Lil Durk’s Murder-for-Hire Trial Delayed to Spring

Grammy-winning rapper Lil Durk sat in a Los Angeles federal courtroom Wednesday as a judge agreed to delay his murder-for-hire trial for at least three months at the request of several co-defendants.

The defendants asked to push the start of the trial from Jan. 20 to May 4, but the judge declined to set a firm date, citing scheduling conflicts. He said the trial could begin as early as April 21 or April 28. Lawyers discussed the possible dates after the hearing. Three of Durk’s five co-defendants told the court they needed the additional time to review discovery and prepare for trial. Durk did not join the request.

“We would have been ready to try the case (in two weeks), but the court appropriately decided that with everybody together, we still aren’t there yet,” Drew Findling, one of Durk’s lawyers, tells Rolling Stone. “It’s a complex case. These are the stepping stones towards a trial.”

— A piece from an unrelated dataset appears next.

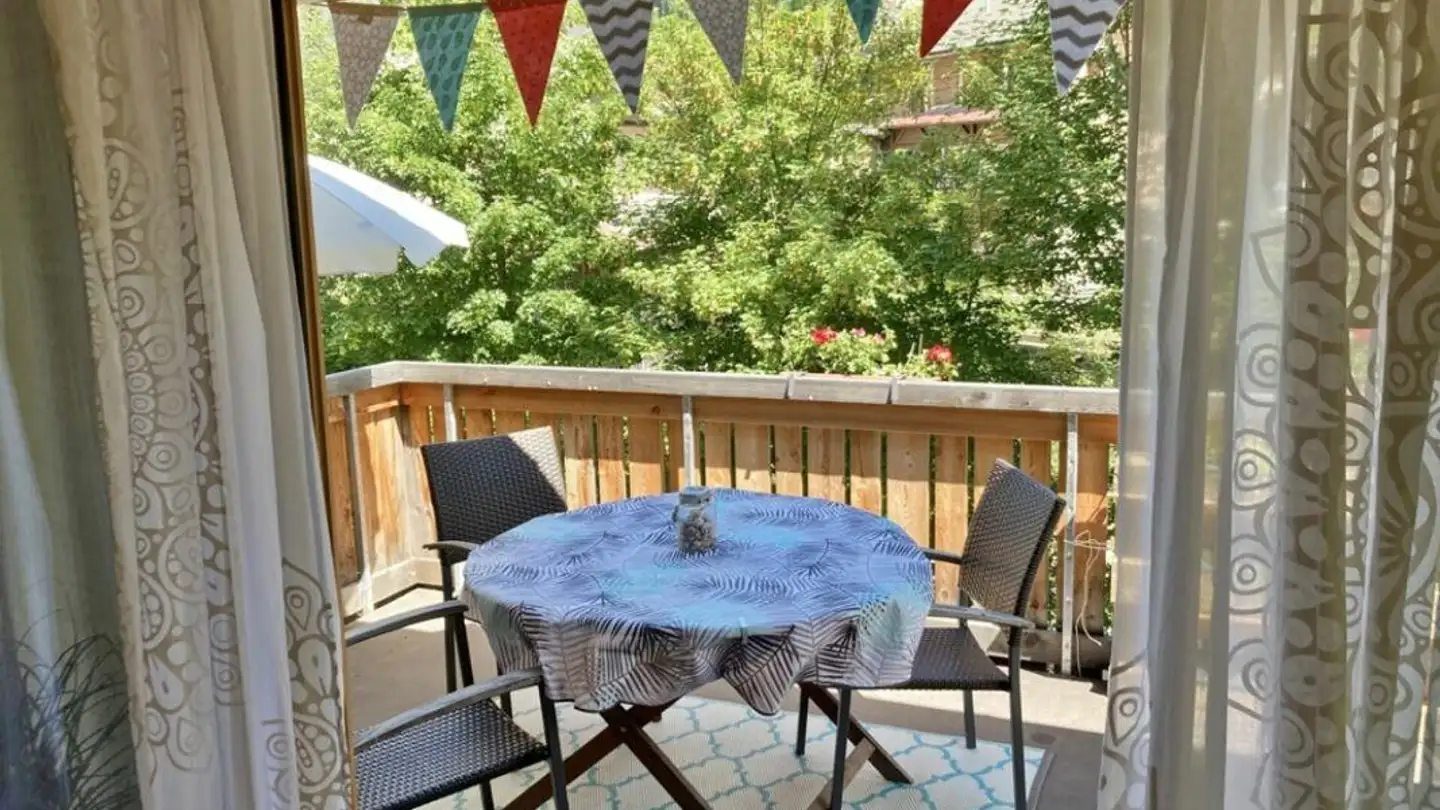 Casa singola in vendita - Fuscheña, 7482 Bergün/Bravuogn - Photo 3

Durk, whose legal name is Durk Banks, appeared in court with a short haircut, a departure from his signature dreadlocks. He blew kisses at his wife, India Royale, who sat in the gallery. His lawyers told the court that jail officials have been keeping Banks in solitary confinement without a disciplinary review after he allegedly was caught with an Apple Watch last August. They said he’s alone in a tiny cell 23 hours a day with no visitation, and they’re worried about his psychological well-being. The judge set a status hearing on the issue for Feb. 9.

Banks, 33, has pleaded not guilty to charges he offered a bounty for the murder of Tyquian Terrel Bowman, a Georgia rapper known as Quando Rondo, setting in motion an armed ambush at a gas station near the Beverly Center mall that led to the shooting death of Bowman’s cousin on Aug. 19, 2022. Prosecutors say Banks wanted Bowman dead because he considered him responsible for the 2020 shooting death of Banks’ friend and protégé Dayvon “King Von” Bennett.

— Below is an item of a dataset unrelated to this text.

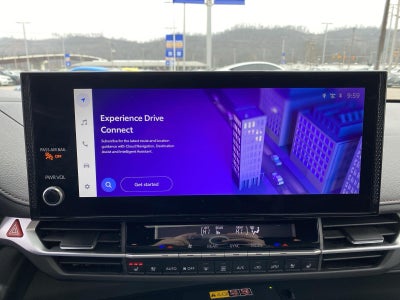 2025 Toyota Sienna Platinum 7-Passenger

Through his lawyers, Banks has denied offering money to the purported hitmen who allegedly fired 18 rounds from multiple guns, including a machine gun, killing the cousin, Saviay’a Robinson, near a black Escalade linked to Bowman. Banks’ defense has panned the government’s case, claiming prosecutors have relied on the testimony of a cooperating witness with a changing story.

In a court filing, Banks’ defense argued that a man identified as “Prosecution Witness-1” initially asserted there was no bounty at all, that he did not agree to murder Bowman for money, “and that he did so under duress.” They claimed the man later rose “to meet the occasion” and told investigators that a co-defendant in the case, Deandre Dontrell Wilson, allegedly stayed behind in Los Angeles after the shooting to collect the “bounty” for distribution. The defense argued prosecutors must have realized the man “lied” because their first superseding indictment alleged that Wilson agreed to distribute the alleged bounty, while their second superseding indictment deleted that claim.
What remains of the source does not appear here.